En su ópera prima, Lucio Castro desarma la historia de amor de Ocho (Juan Barberini) con la ciudad de Barcelona para explorar con notables sutilezas las tensiones entre el deseo, los miedos y el tiempo que ya no regresa. Ligera y geométrica, su puesta en escena recuerda la de los directores de juventudes y ciudades como Eric Rohmer, que mostraba el movimiento de sus personajes en el espacio, libres para el azar y agitados por el destino.
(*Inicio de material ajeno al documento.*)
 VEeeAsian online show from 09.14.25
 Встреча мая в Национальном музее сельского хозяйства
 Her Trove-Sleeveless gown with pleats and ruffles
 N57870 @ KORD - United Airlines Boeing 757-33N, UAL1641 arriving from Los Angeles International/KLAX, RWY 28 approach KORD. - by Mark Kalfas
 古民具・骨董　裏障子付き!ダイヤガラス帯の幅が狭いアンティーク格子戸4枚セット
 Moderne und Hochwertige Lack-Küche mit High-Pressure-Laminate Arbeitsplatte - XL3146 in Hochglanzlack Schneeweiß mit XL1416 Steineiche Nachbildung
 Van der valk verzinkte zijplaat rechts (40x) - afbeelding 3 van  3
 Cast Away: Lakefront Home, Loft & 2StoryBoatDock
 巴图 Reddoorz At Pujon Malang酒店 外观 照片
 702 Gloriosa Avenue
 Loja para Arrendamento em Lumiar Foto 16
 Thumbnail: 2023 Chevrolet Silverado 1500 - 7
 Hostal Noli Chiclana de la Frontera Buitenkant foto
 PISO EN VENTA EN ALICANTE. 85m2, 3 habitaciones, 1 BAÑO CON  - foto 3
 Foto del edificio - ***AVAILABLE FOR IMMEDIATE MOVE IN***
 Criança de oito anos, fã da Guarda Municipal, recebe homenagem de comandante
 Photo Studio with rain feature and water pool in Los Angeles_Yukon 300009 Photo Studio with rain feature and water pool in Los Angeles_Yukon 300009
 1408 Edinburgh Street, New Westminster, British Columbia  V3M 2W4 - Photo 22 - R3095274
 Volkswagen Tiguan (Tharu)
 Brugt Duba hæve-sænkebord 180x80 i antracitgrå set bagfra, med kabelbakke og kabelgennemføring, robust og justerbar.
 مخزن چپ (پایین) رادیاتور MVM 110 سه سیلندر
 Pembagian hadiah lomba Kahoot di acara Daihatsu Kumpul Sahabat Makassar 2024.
Poeta argentino en plan de regreso a Nueva York, Ocho deambula unos días por las calles de Barcelona como parte de una impasse en sus deberes. Visita sus playas, sus recovecos, llevando a cuestas esa soledad propia de los viajeros. Desde el balcón de su casa de alquiler divisa una remera de Kiss e invita a subir a su portador. Ese encuentro con Javi (Ramón Pujol) será la puerta a inesperadas confesiones, a un ejercicio de memoria que convierte toda posible epifanía en virtud cinematográfica.
Castro se atreve a conjugar el sexo, la soledad y la responsabilidad de ser padre en charlas al pasar, vividas a lo largo de 20 años, en ese extraño pasaje entre un mundo abierto de posibilidades y el devenir que exigen todas las decisiones. Aún en el peso literario de las conversaciones, en las citas a la pintura y las referencias al arte, sus personajes encuentran su única presencia en cámara, en el rumbo que emprenden más allá de nuestros ojos.